It was the Finalist Winner of the National Small Press Book Award
for Best Fiction 1999. The Geography of Women was translated into
Greek and published by Periplous Publishing, Athens, Greece, in
December 2000.
The “voice” of the narrator in The Geography of Women grows
out of the combined dialect, speech patterns, vocabulary, and stories
of both Mary Pearl Lawler Day and Virginia Claire Day Fritscher.

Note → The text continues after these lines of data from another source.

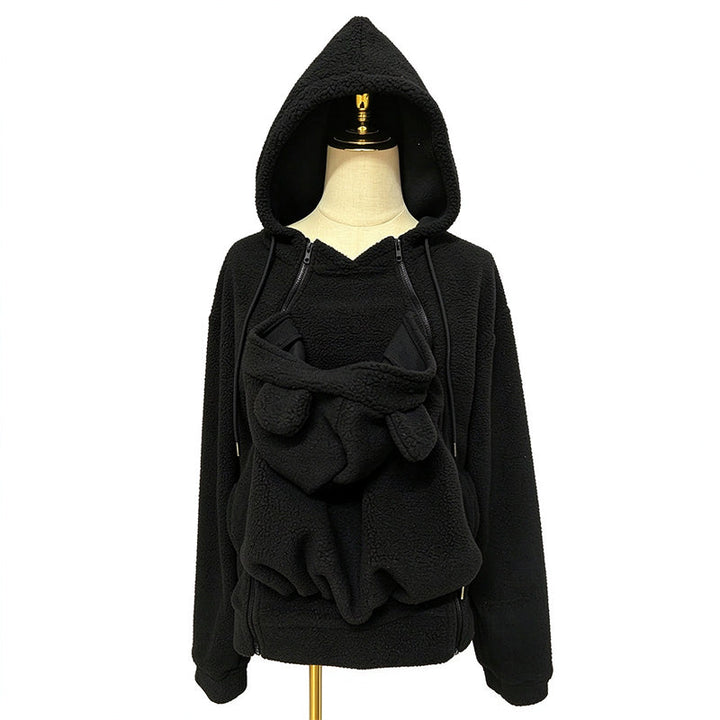 Naeza – Fleecejacke Mit Kapuze Zum Tragen Von Babys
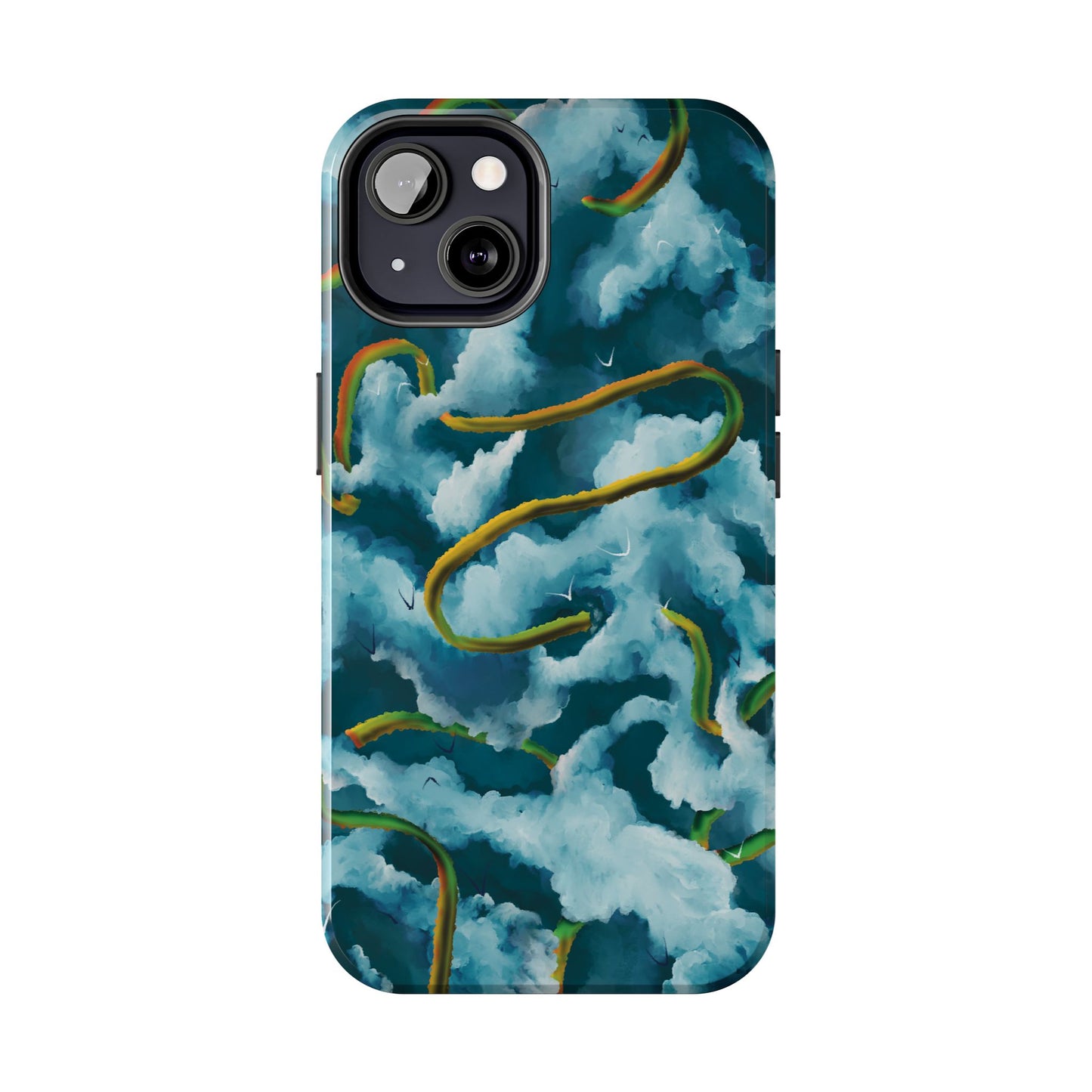 Serpentine Clouds Tough Phone Case — Stormy Sky Dragon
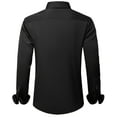 thumbnail image 5 of Thrilos Dress Shirts for Men Button Up Long Sleeve Tops Formal Business Shirts Pleated Wrinkle Free Work Shirts, 5 of 9
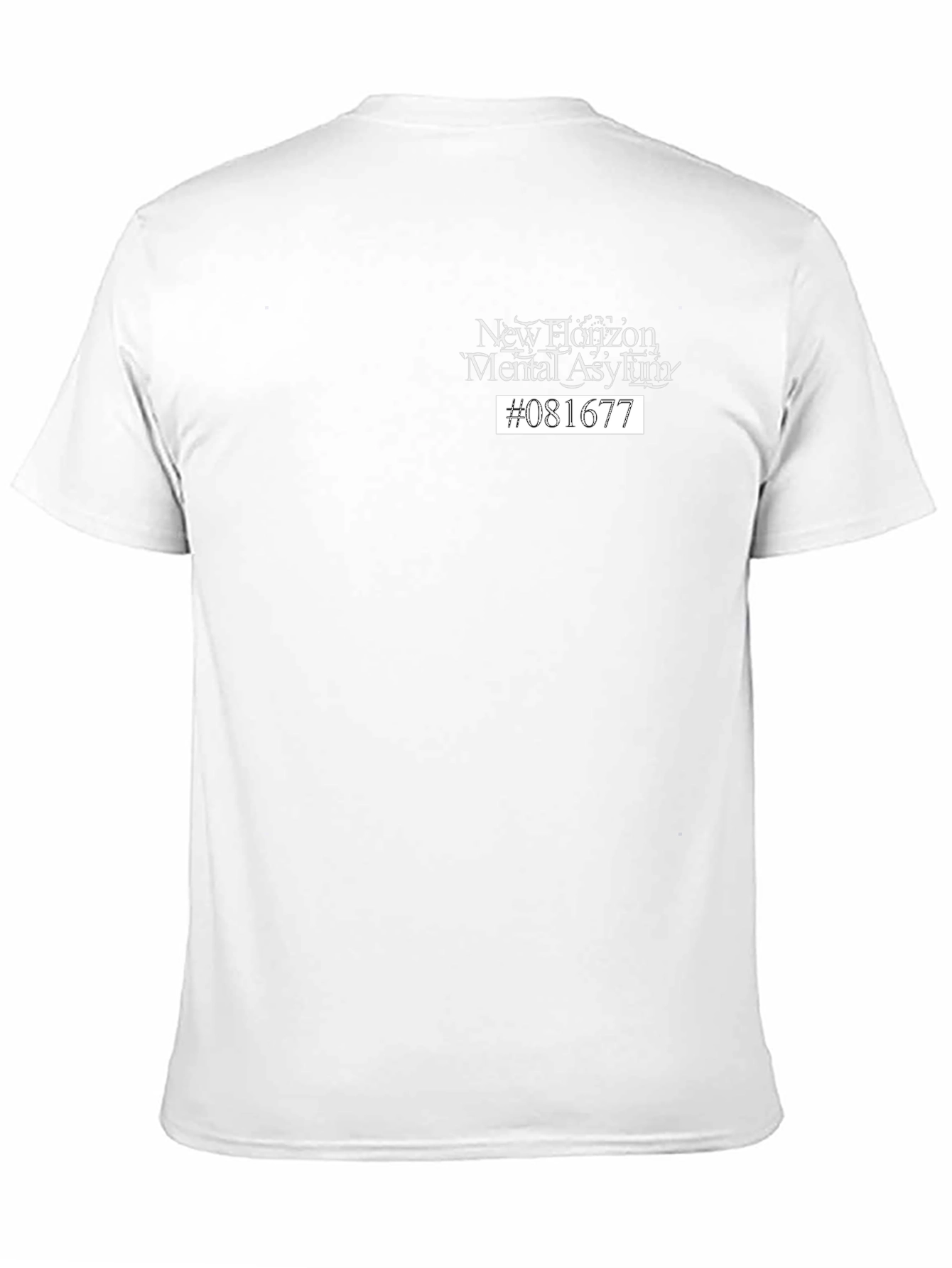 New Horizon Mental Asylum Graphic Tee - Black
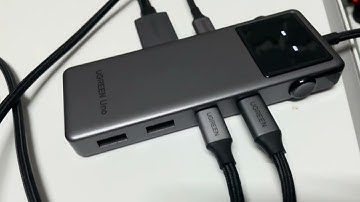 ugreen uno 6in1 USB-C Hub อุปกรณ์ต่อพ่วงเพิ่มพอร์ต MacBook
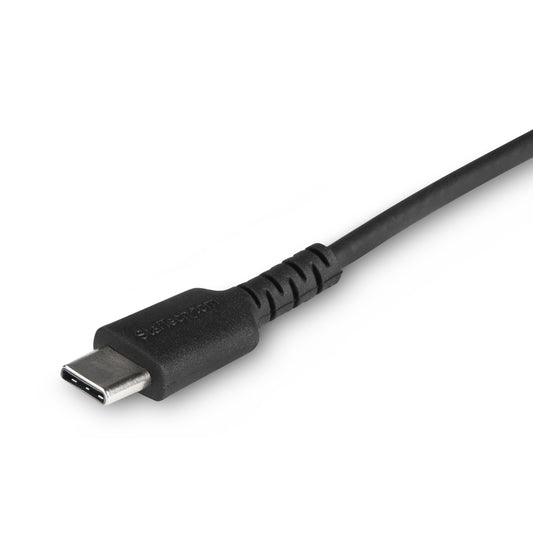 Star Tech 3 foot (1m) Durable Black USB-C to Lightning Cable - Heavy Duty Rugged Aramid Fiber USB Type C to Lightning Charger/Sync Power Cord - Apple MFi Certified iPad/iPhone 12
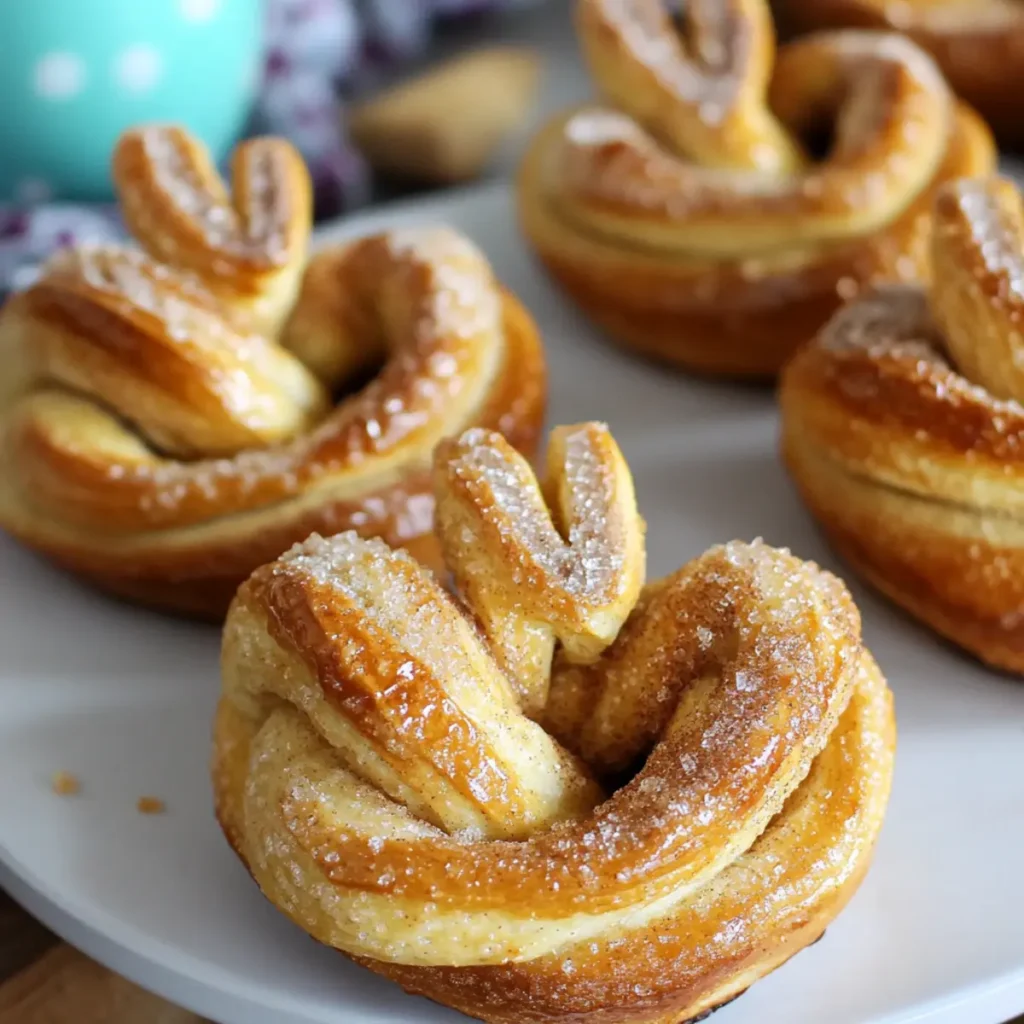 Easter Bunny Cinnamon Sugar Twist Bread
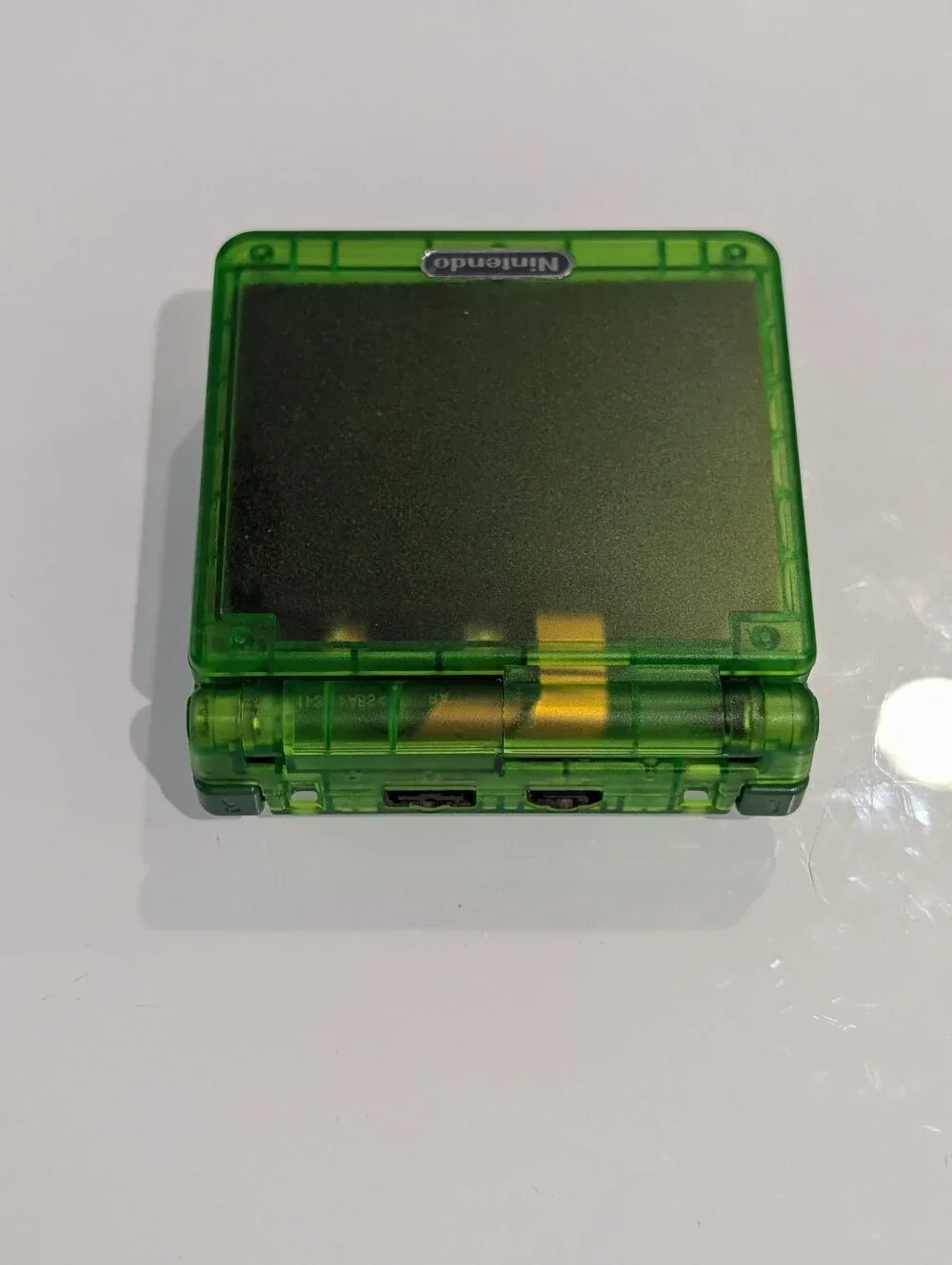 Clear Jungle Green Nintendo Game Boy Advance SP GBA SP System with v5 IPS Screen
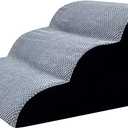 Dog Stairs for Small Dogs Pets 3-Step for High Beds and Couch, Cat Pet Steps, Raise Bed Climbing, Non-Slip Indoor Steps (Color : Brown, Size : 20.5x15.7x11.8in)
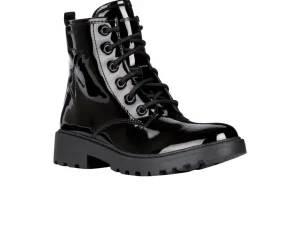 Geox Casey J9420G – Black Patent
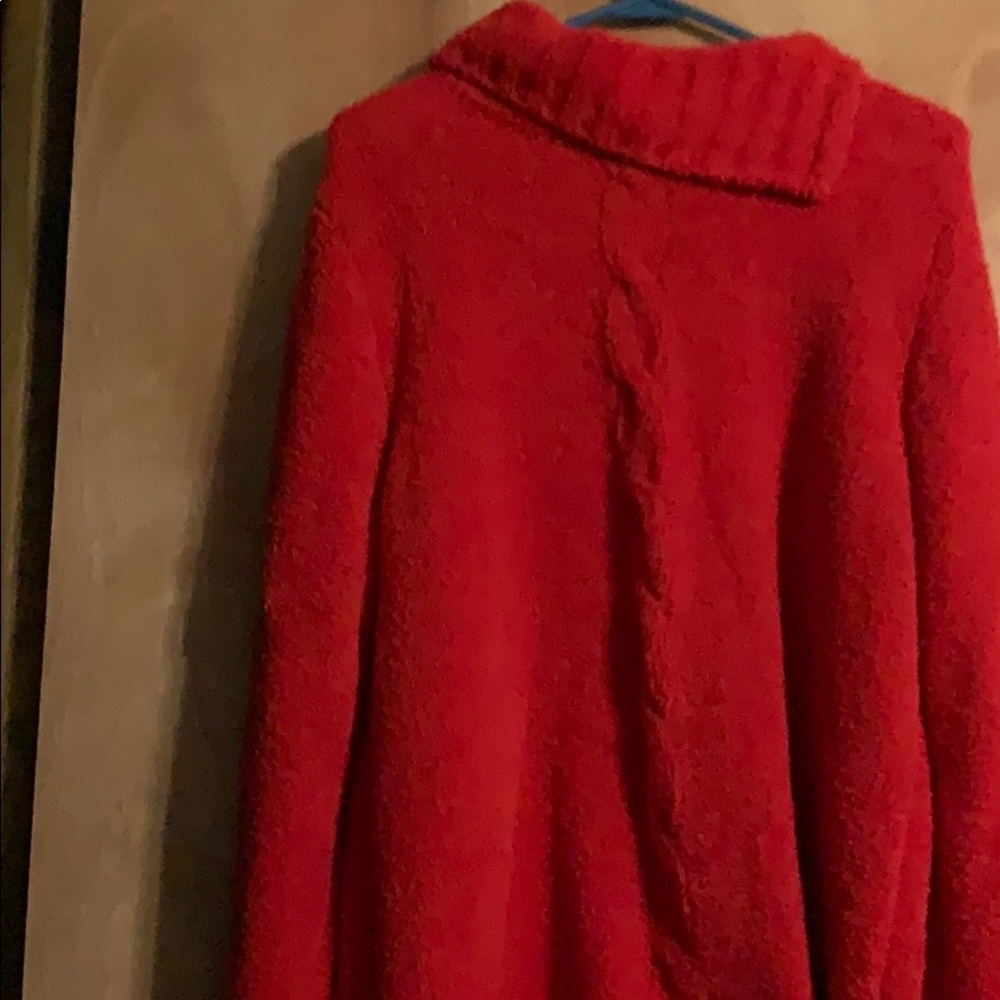 Ladies red sweater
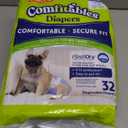 Hartz Disposable Dog Diapers, Size M 32 count, Comfortable & Secure Fit, Easy to Put On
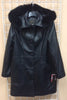6065 Ladies' Lambskin Parka with Detachable Fox Fur Hood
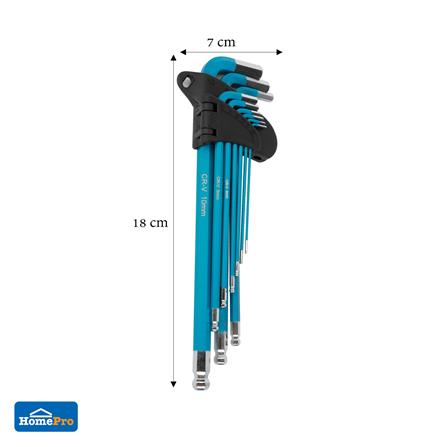 ประแจหกเหลี่ยม MATALL PRO 9 ชิ้น/ชุด_5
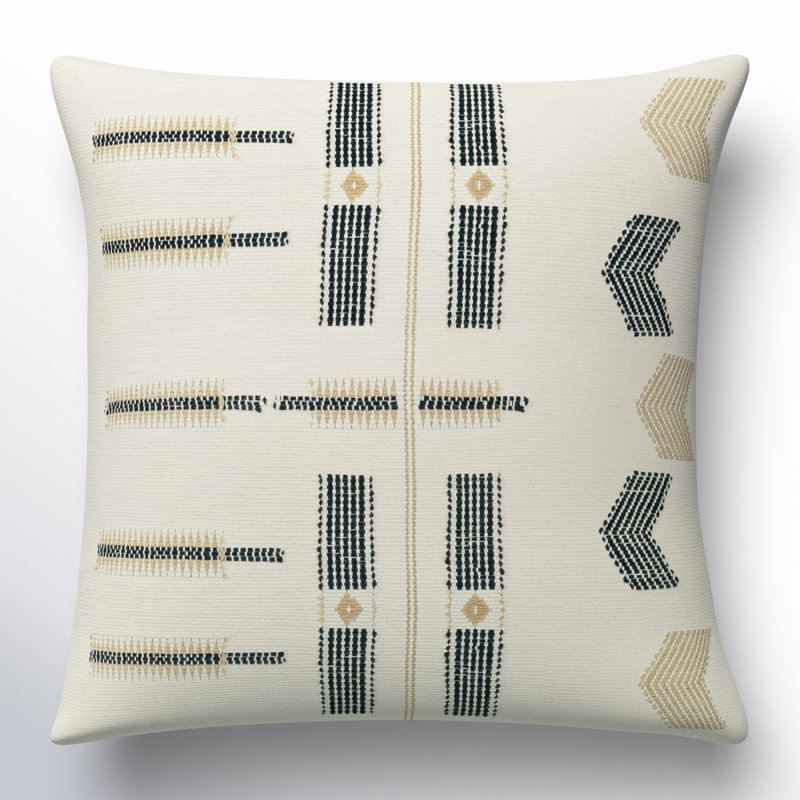 Housse et insert de coussin en coton Erickson Metson, Housse de coussin seulement - sans coussin, Angora / sabot / antilope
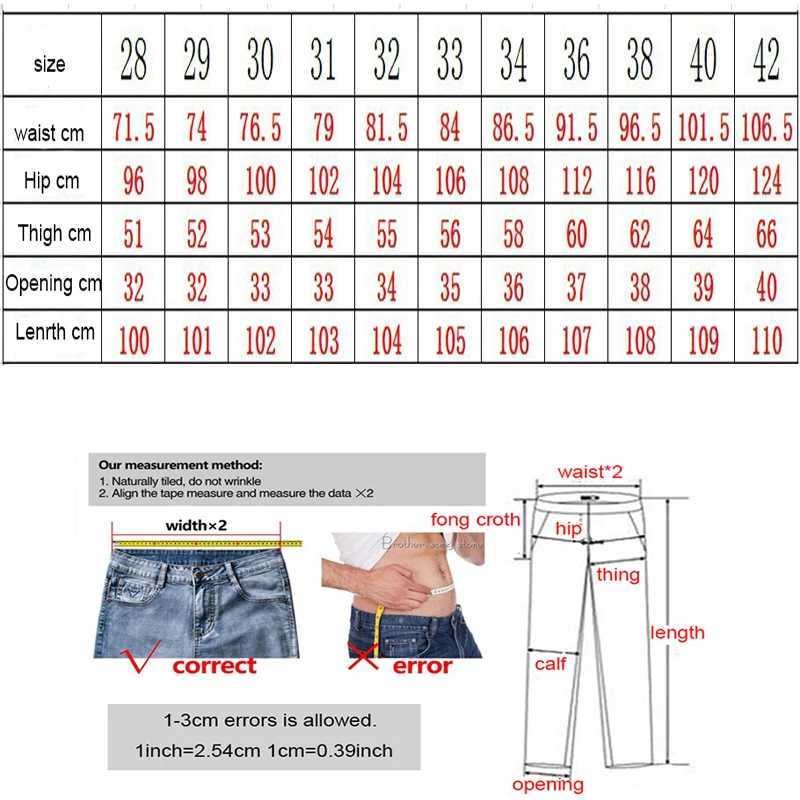 Mens Ruined Denim Jeans Hole Trousers Ripped Large Size Straight Hip Hop High Street Brand Fashion Male Pants X250227
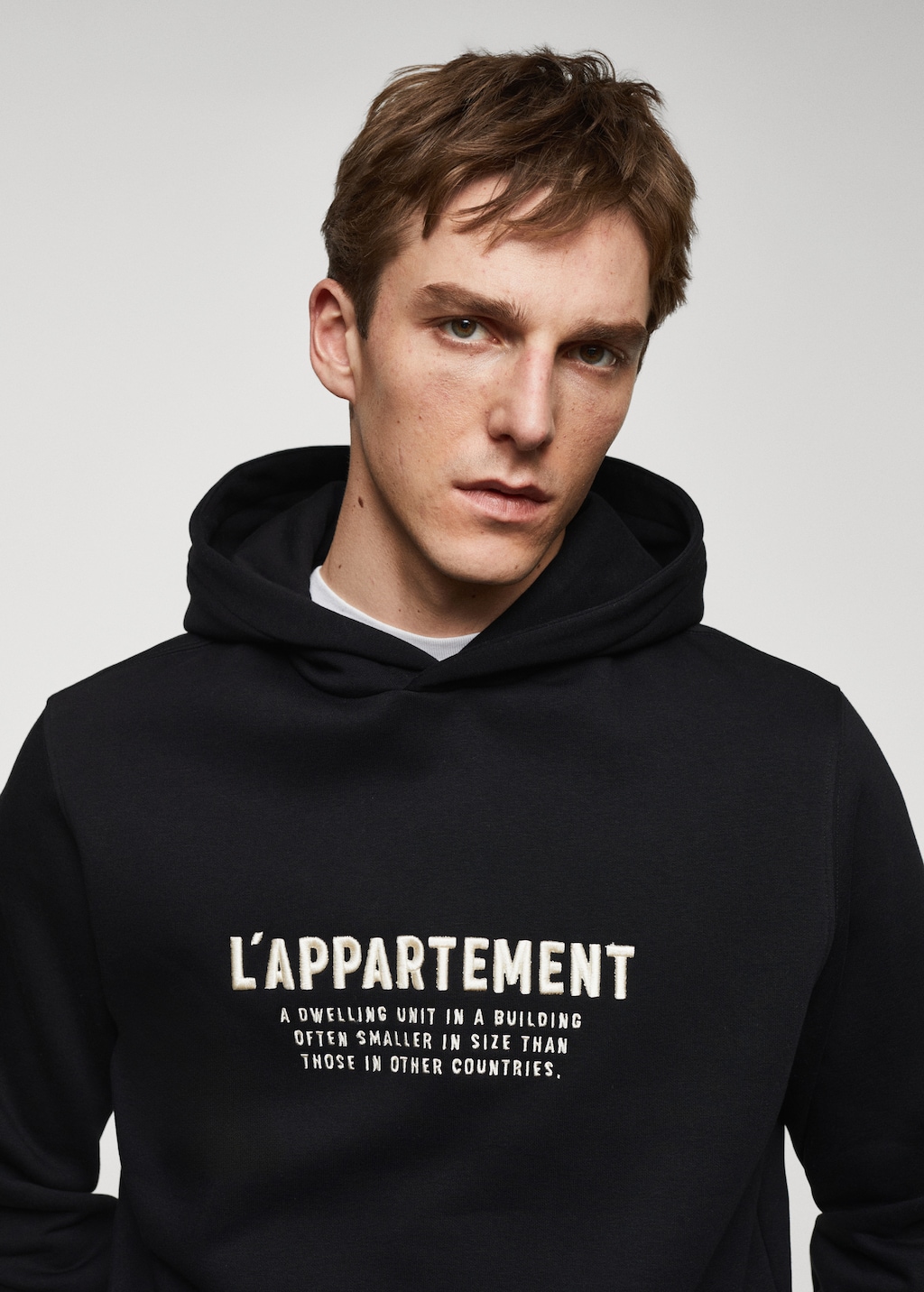 Embroidered hoodie men online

The interviewer, pointedly, knowing all these family stories by heart,
directed the thirty minutes of these questions to accommodate the
energy of his eighty-three-year-old grandmother. This transcription
is absolutely accurate.
May 8, 1972
Jack Fritscher: [John Joseph Patrick Fritscher]: Nanny, thank
you for doing this little interview. Tell me where you were born
and anything else you wish to say.
Mary Pearl Lawler Day: I was born in St. Louis on Virginia
Avenue, October 2, 1888. I had four brothers and no sisters. I always
had a very happy life. Everybody was always good and kind to me
and still are. I don’t see why lots of people say they wish they were
dead. I don’t. I’m getting old. I’m almost 84. I am old. And I’m
still happy to think I’m living. I have lots of good friends and all
my relatives. I could live with any of them, and get along and be
happy. Well... [She laughs.]
Jack: Tell me about your mother and father.
[John Patrick Lawler, born c. 1857 in St. Louis of parents from
Ireland, died (age 63) 1920, in St. Louis and Honorah Anastasia
McDonough Lawler, born 1861 in north St. Louis of parents
from Ireland, died (age 63) 1924 in Kampsville at the home of her
daughter Mary Pearl Day who cared for her.]